Pan Zdzisław dzieli się swoją pasją z uczniami Żeglarskiego Gimnazjum w Bolesławcu, z którymi był niedawno na obozie w Chorwacji. 112 uczniów przez tydzień musiało nie tylko sterować statkiem, ale także sprzątać czy gotować.
- To, co jest niezwykłe w takich wyjazdach to fakt, że młodzież spędza ze sobą 24 godziny na dobę. I to nie tylko uczniowie, ale i wychowawcy – zapewnia pan Zdzisław. – Dzieki temu rodzi się między nimi silna więź.
8-osobowe grupy robią wszystko razem. To bardzo integruje klasę i hartuje charaktery. Jak mówi bolesławianin, największą udręką dla niego, jako dla wychowawcy są telefony komórkowe.
- Kiedy dzieci bawią się dobrze to nie mają czasu na telefonowanie do rodziców.
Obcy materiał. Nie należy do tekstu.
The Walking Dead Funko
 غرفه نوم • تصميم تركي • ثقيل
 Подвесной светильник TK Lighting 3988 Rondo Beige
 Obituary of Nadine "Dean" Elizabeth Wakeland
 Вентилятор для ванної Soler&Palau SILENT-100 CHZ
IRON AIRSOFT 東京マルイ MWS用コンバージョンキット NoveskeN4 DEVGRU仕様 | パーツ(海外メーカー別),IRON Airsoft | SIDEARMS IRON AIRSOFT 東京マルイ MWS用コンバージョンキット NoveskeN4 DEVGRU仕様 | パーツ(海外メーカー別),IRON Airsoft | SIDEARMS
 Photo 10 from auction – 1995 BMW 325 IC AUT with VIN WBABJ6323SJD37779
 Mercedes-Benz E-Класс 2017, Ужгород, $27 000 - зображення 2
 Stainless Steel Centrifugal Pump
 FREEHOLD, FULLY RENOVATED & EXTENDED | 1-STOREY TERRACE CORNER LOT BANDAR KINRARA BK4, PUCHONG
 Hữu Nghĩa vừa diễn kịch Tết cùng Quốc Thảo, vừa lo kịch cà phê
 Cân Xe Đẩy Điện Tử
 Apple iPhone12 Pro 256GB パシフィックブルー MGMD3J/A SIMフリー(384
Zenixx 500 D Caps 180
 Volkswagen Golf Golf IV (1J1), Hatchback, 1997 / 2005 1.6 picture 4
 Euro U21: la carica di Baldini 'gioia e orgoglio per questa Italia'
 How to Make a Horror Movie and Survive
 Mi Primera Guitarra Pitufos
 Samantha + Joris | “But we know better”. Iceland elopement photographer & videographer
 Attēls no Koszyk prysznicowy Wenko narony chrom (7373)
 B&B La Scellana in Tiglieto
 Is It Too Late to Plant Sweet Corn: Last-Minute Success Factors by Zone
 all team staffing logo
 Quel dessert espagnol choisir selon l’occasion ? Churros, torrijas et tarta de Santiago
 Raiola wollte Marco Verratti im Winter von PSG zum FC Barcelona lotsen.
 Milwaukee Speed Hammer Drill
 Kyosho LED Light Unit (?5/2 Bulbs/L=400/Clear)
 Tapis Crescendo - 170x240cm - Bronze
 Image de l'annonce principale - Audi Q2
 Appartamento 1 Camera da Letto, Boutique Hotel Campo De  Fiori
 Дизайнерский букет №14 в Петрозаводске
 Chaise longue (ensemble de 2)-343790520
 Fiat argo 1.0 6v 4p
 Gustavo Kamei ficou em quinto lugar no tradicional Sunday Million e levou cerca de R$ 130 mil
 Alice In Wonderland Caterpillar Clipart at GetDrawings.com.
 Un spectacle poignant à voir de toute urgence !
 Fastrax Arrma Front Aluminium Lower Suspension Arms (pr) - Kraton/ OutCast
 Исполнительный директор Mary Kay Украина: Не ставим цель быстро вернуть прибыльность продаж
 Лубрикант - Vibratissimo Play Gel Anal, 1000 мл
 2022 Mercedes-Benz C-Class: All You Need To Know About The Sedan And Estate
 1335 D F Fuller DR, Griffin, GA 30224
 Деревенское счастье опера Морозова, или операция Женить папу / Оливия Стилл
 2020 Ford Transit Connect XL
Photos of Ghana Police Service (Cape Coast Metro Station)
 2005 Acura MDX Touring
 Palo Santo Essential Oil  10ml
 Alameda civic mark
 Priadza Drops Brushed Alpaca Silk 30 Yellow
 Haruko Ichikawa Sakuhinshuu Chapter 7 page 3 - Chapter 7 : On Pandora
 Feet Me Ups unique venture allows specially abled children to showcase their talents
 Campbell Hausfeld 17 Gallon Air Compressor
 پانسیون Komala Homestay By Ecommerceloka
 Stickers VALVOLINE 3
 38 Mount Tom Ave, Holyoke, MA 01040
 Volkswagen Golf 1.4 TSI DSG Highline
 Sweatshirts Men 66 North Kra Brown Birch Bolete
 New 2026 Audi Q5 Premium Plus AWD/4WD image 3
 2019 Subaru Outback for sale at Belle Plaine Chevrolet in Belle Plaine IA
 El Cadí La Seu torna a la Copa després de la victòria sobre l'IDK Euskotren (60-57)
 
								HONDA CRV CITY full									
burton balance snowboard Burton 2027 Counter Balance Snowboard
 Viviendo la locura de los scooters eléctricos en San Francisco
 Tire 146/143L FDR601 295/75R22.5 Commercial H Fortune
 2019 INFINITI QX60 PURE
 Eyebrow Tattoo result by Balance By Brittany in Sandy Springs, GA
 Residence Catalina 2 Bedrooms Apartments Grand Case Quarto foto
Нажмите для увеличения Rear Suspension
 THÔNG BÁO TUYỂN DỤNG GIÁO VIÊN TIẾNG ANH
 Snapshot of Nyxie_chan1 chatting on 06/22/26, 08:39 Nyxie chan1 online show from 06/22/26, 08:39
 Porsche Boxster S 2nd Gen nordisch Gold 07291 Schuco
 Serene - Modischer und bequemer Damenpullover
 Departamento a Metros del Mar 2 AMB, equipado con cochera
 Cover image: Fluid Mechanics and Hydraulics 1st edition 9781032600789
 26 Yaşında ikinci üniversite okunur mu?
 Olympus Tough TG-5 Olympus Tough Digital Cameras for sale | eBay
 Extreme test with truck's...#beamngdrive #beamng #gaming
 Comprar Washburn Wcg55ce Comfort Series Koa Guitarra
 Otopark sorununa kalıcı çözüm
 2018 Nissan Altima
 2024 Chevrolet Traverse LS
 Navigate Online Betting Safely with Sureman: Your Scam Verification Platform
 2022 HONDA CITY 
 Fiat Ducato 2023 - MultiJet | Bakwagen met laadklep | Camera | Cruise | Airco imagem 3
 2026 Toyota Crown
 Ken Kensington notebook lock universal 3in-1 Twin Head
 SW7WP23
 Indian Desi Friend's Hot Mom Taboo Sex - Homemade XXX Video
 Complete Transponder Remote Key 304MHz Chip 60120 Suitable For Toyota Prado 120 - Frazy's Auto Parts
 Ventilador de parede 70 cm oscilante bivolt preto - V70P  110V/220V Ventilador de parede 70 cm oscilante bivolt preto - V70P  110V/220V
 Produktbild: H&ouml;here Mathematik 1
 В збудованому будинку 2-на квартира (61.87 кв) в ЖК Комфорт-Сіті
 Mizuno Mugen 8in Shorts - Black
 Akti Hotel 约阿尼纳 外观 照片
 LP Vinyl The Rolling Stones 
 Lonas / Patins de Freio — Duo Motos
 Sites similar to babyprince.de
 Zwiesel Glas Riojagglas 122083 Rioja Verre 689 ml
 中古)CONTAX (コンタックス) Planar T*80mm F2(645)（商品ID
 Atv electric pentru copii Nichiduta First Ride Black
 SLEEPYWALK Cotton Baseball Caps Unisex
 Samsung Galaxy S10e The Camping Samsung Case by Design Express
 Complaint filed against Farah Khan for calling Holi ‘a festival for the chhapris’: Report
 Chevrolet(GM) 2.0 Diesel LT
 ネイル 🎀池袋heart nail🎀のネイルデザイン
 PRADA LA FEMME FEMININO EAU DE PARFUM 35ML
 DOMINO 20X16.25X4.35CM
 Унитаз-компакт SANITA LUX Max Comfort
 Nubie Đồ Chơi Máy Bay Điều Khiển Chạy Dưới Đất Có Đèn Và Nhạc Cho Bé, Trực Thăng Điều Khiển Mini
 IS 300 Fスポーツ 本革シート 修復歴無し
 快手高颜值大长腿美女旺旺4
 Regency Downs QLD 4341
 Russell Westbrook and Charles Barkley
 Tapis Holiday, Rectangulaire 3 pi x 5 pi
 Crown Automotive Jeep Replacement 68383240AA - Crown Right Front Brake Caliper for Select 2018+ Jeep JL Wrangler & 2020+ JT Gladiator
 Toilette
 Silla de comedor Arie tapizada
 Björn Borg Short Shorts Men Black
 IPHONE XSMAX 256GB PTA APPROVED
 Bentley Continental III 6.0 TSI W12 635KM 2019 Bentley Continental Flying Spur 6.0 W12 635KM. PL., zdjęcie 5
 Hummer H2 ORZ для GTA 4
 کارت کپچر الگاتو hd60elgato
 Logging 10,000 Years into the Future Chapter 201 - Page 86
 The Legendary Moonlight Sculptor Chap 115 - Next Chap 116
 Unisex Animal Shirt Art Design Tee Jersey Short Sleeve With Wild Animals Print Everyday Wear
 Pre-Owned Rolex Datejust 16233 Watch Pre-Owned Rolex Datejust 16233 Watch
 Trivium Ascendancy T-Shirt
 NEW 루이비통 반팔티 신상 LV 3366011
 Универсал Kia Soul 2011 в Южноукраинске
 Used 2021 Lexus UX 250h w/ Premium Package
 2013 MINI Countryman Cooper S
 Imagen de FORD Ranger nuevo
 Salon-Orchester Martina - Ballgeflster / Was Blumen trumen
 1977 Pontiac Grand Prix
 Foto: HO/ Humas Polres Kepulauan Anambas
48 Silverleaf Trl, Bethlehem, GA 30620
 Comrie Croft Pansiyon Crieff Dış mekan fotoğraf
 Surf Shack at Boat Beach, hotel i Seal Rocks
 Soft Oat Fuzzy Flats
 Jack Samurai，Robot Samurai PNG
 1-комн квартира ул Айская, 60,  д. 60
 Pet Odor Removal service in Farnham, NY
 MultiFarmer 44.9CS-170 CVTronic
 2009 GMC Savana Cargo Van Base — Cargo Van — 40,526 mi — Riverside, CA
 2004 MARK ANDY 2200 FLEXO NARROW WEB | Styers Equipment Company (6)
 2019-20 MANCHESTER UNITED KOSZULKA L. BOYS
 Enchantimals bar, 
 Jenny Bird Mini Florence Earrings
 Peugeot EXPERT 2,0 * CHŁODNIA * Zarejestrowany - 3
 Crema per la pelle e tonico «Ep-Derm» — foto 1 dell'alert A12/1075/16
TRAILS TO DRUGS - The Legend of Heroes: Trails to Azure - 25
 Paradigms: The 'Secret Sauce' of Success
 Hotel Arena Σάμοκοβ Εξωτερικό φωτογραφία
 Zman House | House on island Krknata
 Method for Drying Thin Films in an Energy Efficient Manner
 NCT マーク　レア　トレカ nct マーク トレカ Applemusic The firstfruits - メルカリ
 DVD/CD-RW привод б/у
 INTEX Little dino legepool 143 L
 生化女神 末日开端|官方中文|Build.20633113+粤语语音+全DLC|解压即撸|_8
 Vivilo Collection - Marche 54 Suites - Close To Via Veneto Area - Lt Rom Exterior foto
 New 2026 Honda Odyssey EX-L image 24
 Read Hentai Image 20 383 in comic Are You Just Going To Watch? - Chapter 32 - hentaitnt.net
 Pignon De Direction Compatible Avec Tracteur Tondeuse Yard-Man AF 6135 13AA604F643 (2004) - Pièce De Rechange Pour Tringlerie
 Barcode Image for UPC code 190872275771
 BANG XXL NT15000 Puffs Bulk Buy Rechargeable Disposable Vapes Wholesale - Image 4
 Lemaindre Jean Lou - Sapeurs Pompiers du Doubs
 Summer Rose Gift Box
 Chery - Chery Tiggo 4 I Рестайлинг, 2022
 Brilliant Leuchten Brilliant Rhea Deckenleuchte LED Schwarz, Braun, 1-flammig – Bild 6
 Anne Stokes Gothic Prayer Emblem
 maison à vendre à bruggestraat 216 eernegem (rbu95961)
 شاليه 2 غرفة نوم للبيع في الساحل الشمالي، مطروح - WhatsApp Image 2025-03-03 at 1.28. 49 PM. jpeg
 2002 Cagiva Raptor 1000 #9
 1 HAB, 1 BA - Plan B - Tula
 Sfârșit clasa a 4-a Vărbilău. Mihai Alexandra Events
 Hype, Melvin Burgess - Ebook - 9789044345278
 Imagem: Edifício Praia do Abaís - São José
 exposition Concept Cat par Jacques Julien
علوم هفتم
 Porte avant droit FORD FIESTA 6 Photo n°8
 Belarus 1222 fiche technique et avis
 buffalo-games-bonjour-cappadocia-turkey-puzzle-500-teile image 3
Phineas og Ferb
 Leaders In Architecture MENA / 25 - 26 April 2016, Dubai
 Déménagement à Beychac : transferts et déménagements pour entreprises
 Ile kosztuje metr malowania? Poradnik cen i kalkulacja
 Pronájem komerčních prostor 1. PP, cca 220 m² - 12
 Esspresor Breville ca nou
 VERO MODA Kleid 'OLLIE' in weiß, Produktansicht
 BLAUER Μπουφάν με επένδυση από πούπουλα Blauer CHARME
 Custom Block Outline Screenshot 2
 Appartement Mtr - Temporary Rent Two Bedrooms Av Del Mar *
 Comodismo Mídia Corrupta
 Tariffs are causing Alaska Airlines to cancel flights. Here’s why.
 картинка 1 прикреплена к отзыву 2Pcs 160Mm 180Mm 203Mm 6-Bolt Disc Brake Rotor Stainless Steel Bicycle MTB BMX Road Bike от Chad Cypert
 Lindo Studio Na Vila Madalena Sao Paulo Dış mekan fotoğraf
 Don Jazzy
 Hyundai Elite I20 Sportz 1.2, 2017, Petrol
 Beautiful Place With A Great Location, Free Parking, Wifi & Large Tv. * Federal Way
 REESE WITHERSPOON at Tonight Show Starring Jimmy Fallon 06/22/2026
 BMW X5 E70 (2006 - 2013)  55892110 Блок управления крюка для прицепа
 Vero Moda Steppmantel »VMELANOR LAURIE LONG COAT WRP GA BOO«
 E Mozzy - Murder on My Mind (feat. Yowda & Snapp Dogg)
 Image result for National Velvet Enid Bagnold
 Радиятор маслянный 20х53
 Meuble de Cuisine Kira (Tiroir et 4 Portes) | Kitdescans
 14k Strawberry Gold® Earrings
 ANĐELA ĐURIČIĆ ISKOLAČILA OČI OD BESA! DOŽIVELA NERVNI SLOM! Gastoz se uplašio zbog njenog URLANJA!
Jeśli jednak coś jest nie tak, jak choćby konieczność sprzątania czy jakaś niewielka sprzeczka z którymś z kolegów, dzwonią oni do najbliższych, żeby się „wyżalić”. Kiedy w ciągu tygodnia dziecko zadzwoni do domu trzy razy i ciągle mówi o tym, że jest mu tu źle, to rodzice zaczynają się martwić – wyjaśnia Zdzisław Czyżowicz.
Kilkakrotnie zdarzyło się, że zaniepokojeni rodzice przyjeżdżali na obóz, a dziecko było zaskoczone ich obecnością, ponieważ świetnie się bawiło. Pan Zdzisław wspomina sytuacje, kiedy opiekunowie kupili pocztówki dla całej grupy razem ze znaczkami i podyktowali wszystkim treść, po czym kartki wysłano do domów. Ten żart uspokoił rodziców.
- Kiedyś na nasz obóz pojechał chłopak z drugiej części kraju. Jego rodzice myśleli, że jego wyjazd organizowany był przez tamtejsze harcerstwo. W hufcu powiedziano rodzicom, że nic na temat jakiegokolwiek wyjazdu na żagle nie wiadomo – opowiada żeglarz. – Na szczęście wszystko się wyjaśniło i rodzice dowiedzieli się, że jest on na obozie razem z nami.
Plany na kolejne wyjazdy już są, choć większość pojawia się spontanicznie. A ostatni rok był niezwykle owocny, jeśli chodzi o osiągnięcia szkoły, co świadczy tylko o tym, że gimnazjaliści rzeczywiście zainteresowali się żeglarstwem.